Actually it's Hygrometer.
a Hydrometer measures the liquids density (used in urine testing and beer making- not the same one though  )


----------



## Exo (Feb 28, 2010)

Just an update for you, my N.chromatus molted this past friday and seems to be doing great. It was fed almost exclusively on fishfood since it's previous molt and has gained about 1/4 of an inch. Also, I'm not sure if this is normal or not but it seems to have gained it's full adult coloring and it's only 1". 

So far it seems that fishfood is a viable feeding option.


----------



## robd (Feb 28, 2010)

That's very interesting. I might give an experiment like that a shot once I hatch out an egg sac or something.


----------



## ZergFront (Feb 28, 2010)

robd said:


> That's very interesting. I might give an experiment like that a shot once I hatch out an egg sac or something.
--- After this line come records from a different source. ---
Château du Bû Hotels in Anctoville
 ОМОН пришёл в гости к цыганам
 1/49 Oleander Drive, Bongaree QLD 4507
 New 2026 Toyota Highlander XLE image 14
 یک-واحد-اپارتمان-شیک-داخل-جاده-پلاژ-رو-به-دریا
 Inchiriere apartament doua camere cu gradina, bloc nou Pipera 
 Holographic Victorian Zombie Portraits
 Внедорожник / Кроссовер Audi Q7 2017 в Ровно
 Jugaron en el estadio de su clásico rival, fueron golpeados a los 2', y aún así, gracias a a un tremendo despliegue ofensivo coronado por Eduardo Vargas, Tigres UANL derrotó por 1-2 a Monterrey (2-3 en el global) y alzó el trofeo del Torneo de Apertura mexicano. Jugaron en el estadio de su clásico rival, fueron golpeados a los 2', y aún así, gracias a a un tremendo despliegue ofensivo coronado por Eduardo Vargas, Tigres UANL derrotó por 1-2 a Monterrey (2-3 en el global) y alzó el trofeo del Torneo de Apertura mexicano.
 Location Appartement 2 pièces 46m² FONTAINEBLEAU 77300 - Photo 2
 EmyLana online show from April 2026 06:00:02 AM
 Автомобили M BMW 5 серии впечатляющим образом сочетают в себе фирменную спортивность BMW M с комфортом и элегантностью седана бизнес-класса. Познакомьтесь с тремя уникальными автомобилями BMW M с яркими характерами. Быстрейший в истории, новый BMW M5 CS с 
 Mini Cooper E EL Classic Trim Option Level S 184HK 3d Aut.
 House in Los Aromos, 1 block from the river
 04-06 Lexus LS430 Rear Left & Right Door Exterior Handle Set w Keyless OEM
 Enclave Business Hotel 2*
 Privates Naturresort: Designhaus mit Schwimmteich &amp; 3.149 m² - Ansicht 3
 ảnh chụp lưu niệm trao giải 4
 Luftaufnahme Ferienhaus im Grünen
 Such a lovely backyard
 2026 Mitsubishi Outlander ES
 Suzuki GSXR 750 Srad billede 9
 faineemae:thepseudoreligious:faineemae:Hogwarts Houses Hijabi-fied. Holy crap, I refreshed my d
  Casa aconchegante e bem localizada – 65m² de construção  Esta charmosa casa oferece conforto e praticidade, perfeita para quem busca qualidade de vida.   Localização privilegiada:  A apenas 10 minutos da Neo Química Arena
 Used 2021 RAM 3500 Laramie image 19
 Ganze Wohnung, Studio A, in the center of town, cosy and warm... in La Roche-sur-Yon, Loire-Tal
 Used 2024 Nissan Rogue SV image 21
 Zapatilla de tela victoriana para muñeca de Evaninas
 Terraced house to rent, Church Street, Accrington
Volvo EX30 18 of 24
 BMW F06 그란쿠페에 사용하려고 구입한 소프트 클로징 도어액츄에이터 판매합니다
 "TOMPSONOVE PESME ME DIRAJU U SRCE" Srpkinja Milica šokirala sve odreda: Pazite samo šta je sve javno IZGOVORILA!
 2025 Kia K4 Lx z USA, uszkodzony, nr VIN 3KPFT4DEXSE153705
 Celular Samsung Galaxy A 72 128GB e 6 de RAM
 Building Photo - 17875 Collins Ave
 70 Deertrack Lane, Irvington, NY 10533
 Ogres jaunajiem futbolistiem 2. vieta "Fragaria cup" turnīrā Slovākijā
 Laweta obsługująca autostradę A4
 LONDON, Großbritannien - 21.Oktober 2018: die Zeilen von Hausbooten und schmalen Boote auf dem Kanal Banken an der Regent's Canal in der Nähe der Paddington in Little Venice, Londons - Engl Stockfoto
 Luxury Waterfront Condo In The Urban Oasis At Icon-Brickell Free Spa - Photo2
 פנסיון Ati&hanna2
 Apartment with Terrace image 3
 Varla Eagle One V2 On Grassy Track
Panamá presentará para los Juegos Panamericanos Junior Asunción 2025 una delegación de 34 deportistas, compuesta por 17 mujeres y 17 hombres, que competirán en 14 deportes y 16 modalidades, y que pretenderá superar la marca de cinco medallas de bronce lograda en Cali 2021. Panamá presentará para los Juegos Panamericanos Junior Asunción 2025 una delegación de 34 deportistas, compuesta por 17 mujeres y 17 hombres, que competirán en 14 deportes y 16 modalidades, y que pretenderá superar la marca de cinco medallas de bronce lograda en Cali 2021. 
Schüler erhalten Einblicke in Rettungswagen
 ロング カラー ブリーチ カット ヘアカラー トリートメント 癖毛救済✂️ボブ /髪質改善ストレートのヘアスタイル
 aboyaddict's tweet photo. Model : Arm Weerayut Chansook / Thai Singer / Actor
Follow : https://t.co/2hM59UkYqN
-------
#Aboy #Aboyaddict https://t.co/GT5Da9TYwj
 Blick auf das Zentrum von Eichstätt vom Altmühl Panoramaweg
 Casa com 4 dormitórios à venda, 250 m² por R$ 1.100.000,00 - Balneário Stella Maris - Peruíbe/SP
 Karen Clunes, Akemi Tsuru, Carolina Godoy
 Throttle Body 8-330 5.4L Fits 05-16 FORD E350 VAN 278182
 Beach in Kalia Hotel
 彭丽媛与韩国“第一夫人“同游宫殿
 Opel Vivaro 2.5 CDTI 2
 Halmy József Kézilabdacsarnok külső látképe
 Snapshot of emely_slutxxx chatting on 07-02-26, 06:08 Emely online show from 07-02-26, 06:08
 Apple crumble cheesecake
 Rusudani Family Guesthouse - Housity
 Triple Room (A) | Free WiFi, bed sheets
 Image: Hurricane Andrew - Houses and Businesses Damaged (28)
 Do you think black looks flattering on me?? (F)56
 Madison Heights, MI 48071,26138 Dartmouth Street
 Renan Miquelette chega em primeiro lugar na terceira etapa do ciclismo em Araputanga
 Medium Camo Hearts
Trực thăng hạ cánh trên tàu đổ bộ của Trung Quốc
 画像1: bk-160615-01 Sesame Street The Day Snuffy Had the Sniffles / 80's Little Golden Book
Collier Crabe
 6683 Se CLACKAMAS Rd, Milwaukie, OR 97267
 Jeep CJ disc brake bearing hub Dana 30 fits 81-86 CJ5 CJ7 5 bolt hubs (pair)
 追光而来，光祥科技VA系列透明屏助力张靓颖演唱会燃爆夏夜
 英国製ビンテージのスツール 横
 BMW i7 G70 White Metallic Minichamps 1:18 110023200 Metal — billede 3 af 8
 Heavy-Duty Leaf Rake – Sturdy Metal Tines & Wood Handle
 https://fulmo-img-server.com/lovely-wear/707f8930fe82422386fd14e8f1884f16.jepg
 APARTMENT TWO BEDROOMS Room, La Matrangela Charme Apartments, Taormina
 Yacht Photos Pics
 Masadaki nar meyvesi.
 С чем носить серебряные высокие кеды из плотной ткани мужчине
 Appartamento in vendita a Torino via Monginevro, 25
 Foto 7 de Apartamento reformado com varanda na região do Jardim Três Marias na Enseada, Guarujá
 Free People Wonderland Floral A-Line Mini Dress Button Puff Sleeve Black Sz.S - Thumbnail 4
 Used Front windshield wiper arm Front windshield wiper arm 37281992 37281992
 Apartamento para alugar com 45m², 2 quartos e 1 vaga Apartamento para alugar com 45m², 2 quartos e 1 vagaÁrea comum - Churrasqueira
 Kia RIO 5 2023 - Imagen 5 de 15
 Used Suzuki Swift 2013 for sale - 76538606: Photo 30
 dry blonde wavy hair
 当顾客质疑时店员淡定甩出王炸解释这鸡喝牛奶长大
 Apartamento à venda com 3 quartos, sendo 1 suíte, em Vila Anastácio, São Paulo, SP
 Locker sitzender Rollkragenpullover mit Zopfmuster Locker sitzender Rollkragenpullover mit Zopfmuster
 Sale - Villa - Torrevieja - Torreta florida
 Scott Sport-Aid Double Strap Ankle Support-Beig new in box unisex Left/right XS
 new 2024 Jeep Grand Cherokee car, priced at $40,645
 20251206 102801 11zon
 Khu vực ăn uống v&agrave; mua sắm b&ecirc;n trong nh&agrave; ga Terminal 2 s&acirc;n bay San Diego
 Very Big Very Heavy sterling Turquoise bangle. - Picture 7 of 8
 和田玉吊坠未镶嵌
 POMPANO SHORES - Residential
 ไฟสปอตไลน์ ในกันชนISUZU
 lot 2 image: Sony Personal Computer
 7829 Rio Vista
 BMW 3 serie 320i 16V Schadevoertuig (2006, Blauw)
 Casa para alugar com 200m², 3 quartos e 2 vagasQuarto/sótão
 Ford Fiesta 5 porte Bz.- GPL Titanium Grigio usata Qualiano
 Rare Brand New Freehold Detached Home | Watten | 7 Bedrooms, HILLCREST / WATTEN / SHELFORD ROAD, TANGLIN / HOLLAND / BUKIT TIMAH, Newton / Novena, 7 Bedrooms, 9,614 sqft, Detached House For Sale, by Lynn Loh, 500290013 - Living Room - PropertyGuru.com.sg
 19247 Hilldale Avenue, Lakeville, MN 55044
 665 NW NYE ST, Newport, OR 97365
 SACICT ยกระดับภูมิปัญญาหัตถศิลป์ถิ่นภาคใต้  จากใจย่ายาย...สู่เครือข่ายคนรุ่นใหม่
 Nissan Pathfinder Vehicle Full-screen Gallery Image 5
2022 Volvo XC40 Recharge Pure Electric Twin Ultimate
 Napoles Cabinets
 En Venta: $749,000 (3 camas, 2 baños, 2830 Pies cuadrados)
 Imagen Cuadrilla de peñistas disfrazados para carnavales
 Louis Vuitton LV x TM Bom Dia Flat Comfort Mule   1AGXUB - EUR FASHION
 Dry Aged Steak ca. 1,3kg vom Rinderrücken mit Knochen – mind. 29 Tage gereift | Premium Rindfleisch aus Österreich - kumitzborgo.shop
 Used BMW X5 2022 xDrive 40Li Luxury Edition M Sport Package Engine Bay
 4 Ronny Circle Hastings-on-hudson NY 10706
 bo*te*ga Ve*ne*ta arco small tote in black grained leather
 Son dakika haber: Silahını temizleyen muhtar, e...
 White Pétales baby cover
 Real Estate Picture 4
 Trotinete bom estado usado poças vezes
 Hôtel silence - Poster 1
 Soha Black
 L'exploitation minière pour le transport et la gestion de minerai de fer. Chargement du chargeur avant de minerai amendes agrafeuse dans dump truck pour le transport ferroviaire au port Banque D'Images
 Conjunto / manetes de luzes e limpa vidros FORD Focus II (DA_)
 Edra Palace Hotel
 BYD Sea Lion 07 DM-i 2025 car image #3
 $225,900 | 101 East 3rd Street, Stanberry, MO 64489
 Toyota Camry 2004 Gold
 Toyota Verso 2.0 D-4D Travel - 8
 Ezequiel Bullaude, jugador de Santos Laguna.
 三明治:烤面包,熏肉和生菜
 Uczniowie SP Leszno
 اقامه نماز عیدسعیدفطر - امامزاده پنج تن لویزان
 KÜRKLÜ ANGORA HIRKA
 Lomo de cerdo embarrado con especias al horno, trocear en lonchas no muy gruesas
 I was thinking I'd do something like that, too. I got to get some OBTs or H.macs some time...


----------



## PrimalTaunt (Feb 28, 2010)

I think that there's more than a few of us thinking of doing this and there's nothing wrong with that.  In fact, if multiple tests get the same results that would be great.  I'm personally thinking of using an LP or a Nhandu species due to their relatively quick growths and lack of webbing (which would benefit photo documentation).


----------



## presurcukr (Feb 28, 2010)

nhdjoseywales said:


> the problem i see with this experiment is that the groups are made up of single specimens. it will be difficult if not impossible to determine what effects are a result of diet and what are just particular to that individual spider. you really need more than one subject in a group to get an idea of what is going on.


Well I have 30 A.sp mozambique slings I can do this with 10 each???


----------



## nhdjoseywales (Feb 28, 2010)

presurcukr said:


> Well I have 30 A.sp mozambique slings I can do this with 10 each???


i would think so, yes.


----------



## Czalz (Feb 28, 2010)

*Supplements*

I had a group of B. smithi slings that I did some enzyme experiments with a few years ago, but my lazy butt never logged any of the data. However, I was convinced the slings that were eating the enzyme enriched roaches were growing at a faster rate. I stopped the supplements after they reached about 2.5", and I had to sell all of my stuff, but it was a fun experiment. 

I am trying to locate the company that I bought that particular blend of enzymes from, so I can try it again and actually log the information this time. I found them at one of the events here at the OKC fairgrounds, but it's been so long I can't remember the name of the company. 

Anyhow, I am just rambling now, but I would be very interested in your findings. It interests me that you say there was no bolus after your sling ate the fish flakes. That is pretty much the concept behind the enzyme experiments too. The more that the tarantula can digest, the bigger/faster it can grow.


----------



## nhdjoseywales (Feb 28, 2010)

czalzsmith said:


> I had a group of B. smithi slings that I did some enzyme experiments with a few years ago, but my lazy butt never logged any of the data. However, I was convinced the slings that were eating the enzyme enriched roaches were growing at a faster rate. I stopped the supplements after they reached about 2.5", and I had to sell all of my stuff, but it was a fun experiment.
> 
> I am trying to locate the company that I bought that particular blend of enzymes from, so I can try it again and actually log the information this time. I found them at one of the events here at the OKC fairgrounds, but it's been so long I can't remember the name of the company.
> 
> Anyhow, I am just rambling now, but I would be very interested in your findings. It interests me that you say there was no bolus after your sling ate the fish flakes. That is pretty much the concept behind the enzyme experiments too. The more that the tarantula can digest, the bigger/faster it can grow.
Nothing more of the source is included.